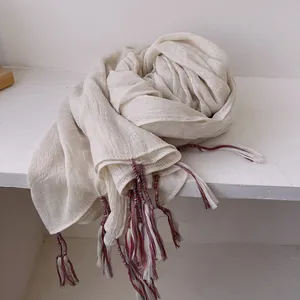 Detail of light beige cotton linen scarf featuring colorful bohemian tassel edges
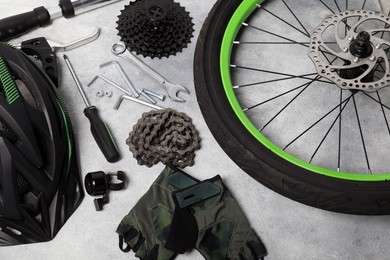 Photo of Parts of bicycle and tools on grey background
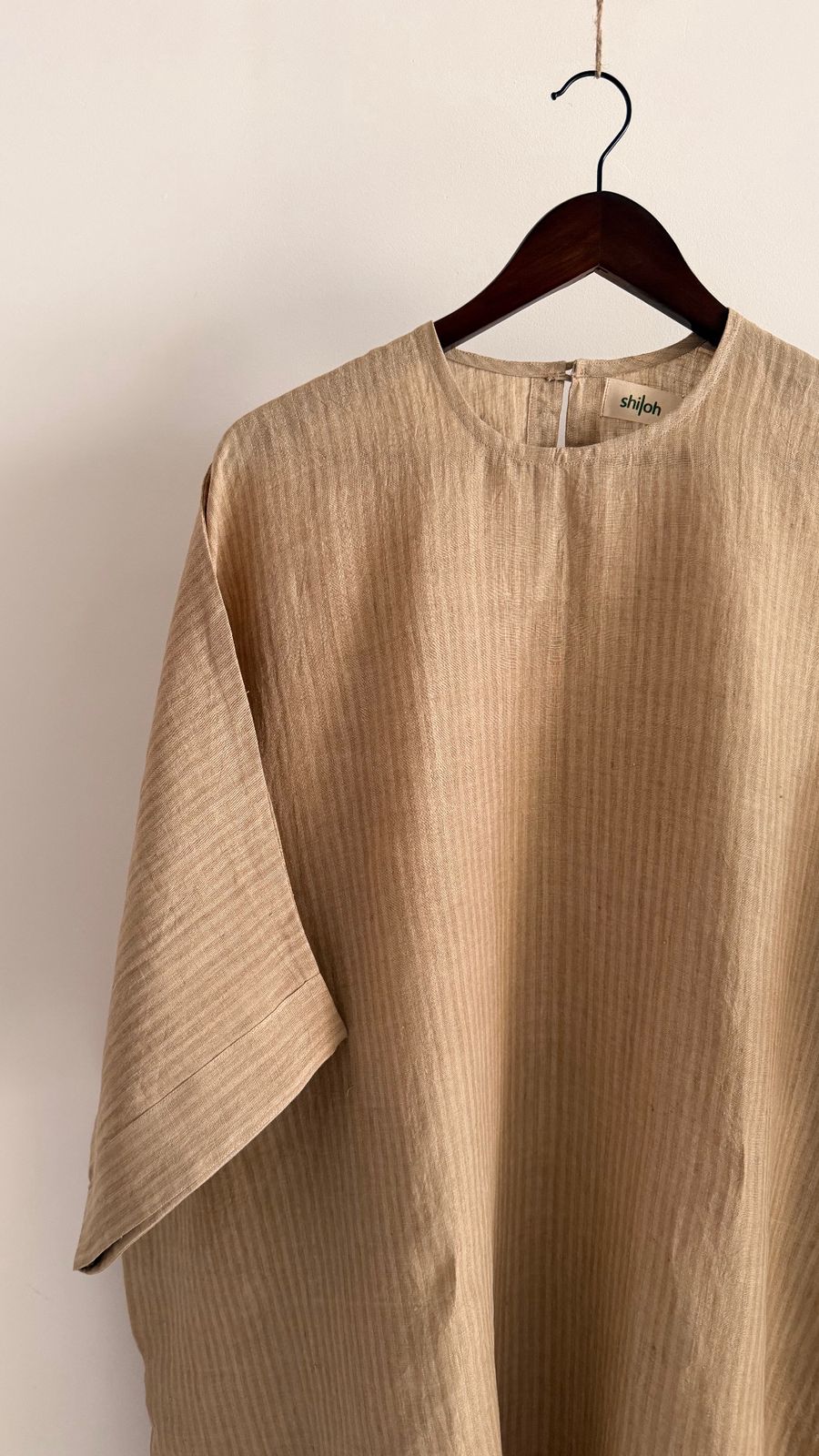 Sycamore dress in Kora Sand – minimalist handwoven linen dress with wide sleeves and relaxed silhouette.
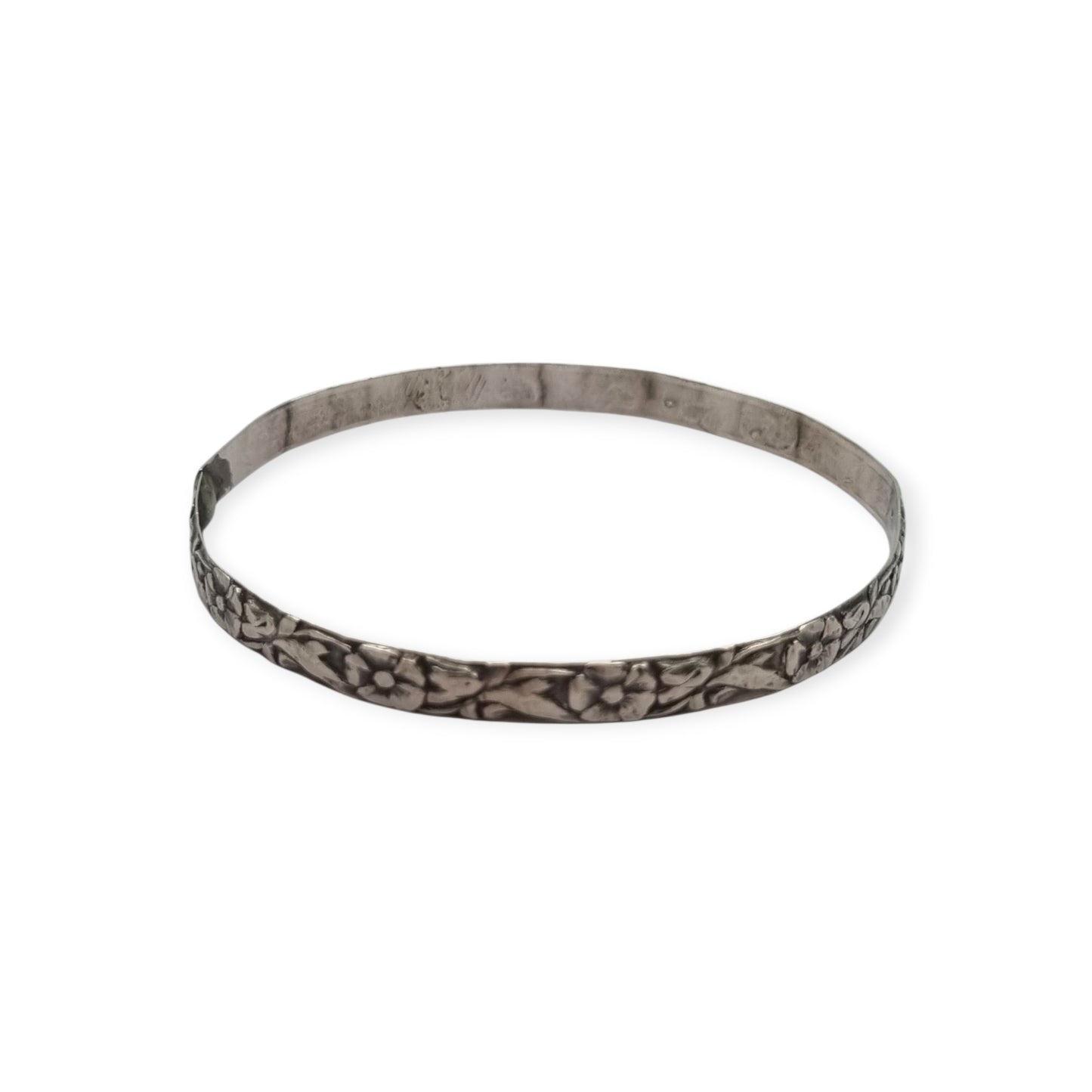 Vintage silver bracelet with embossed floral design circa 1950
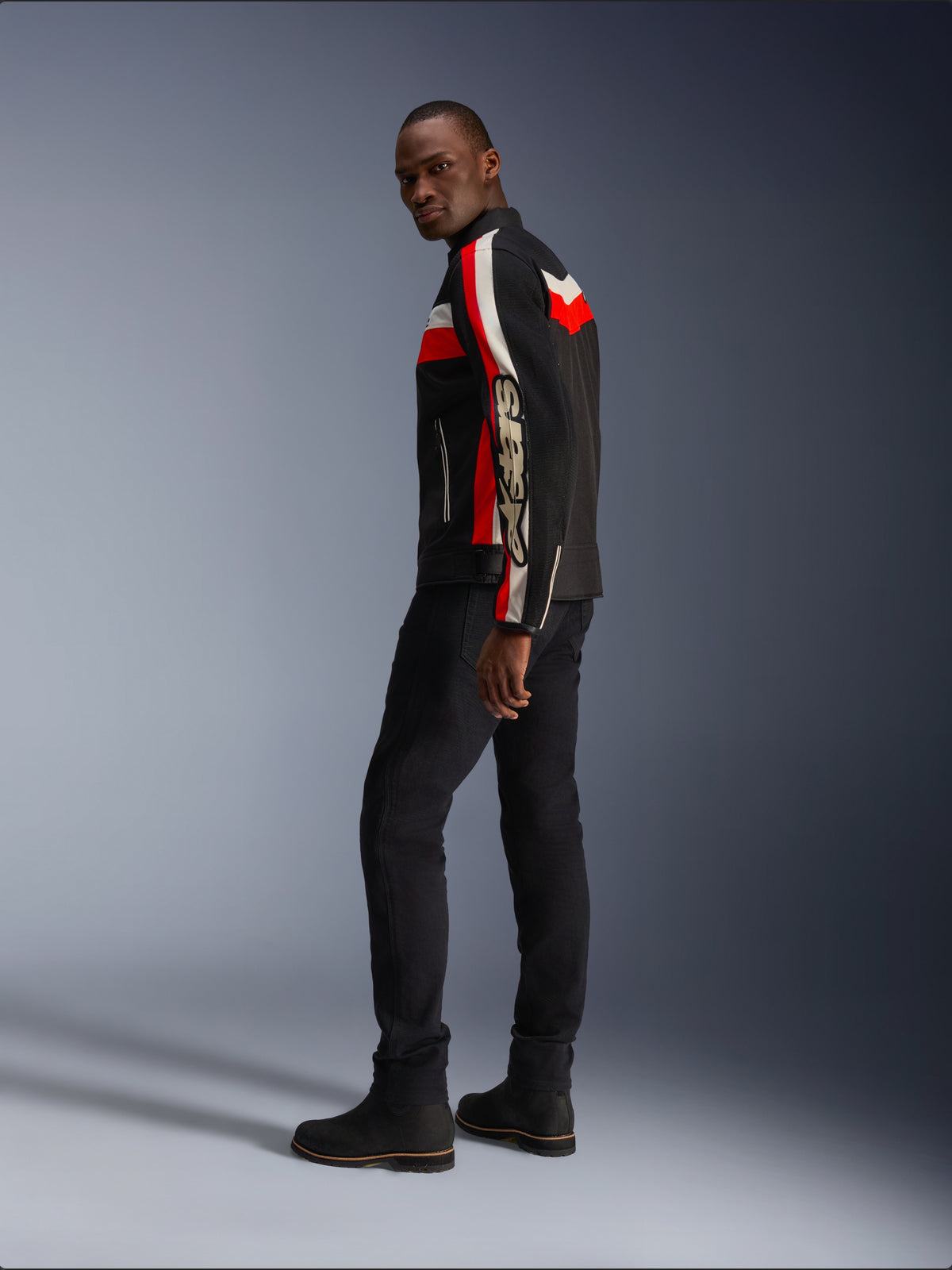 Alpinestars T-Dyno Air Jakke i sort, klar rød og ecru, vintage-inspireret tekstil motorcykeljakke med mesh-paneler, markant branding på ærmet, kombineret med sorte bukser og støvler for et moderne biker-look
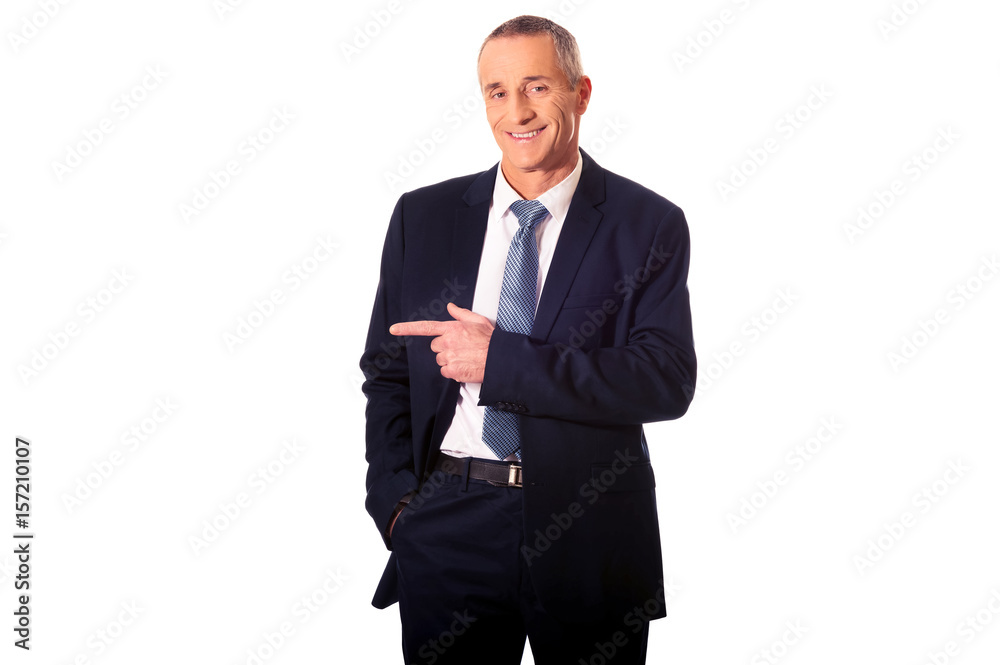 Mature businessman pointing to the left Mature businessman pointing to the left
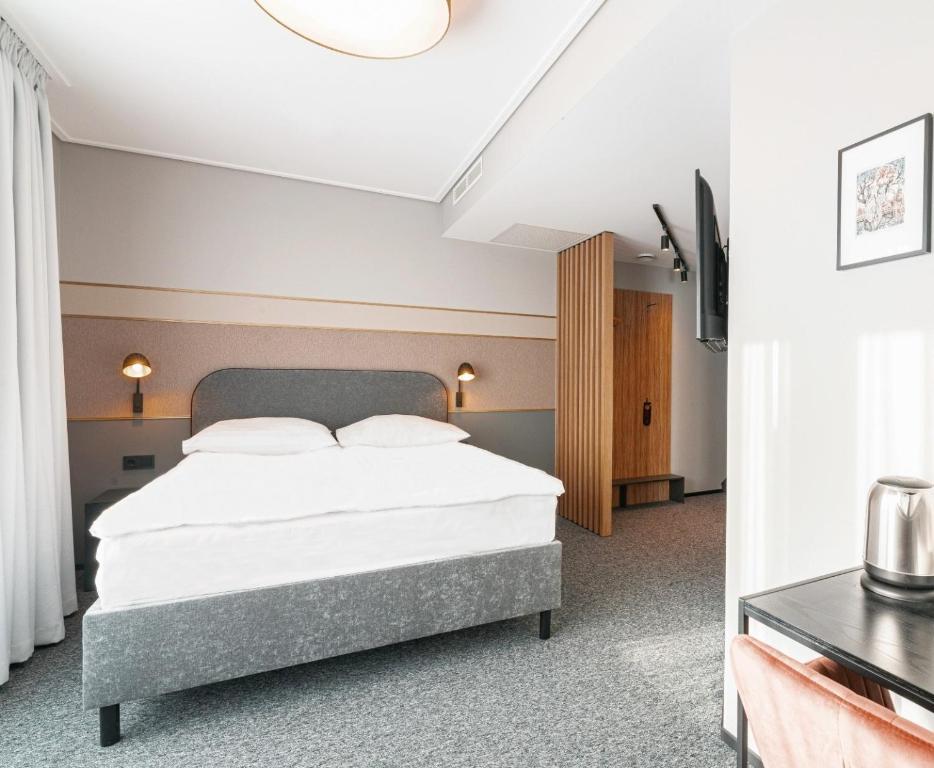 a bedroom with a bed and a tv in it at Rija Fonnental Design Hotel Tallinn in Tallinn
***
> _What this task involves_: Copy every line of the data exactly as written, excluding the pictures.

> _Exercise solution_:
 Detail of light beige cotton linen scarf featuring colorful bohemian tassel edges
 Photo of Parts of bicycle and tools on grey background
 Sycamore dress in Kora Sand – minimalist handwoven linen dress with wide sleeves and relaxed silhouette.
 Vintage silver bracelet with embossed floral design circa 1950
 Alpinestars T-Dyno Air Jakke i sort, klar rød og ecru, vintage-inspireret tekstil motorcykeljakke med mesh-paneler, markant branding på ærmet, kombineret med sorte bukser og støvler for et moderne biker-look
 Mature businessman pointing to the left Mature businessman pointing to the left
 a bedroom with a bed and a tv in it at Rija Fonnental Design Hotel Tallinn in Tallinn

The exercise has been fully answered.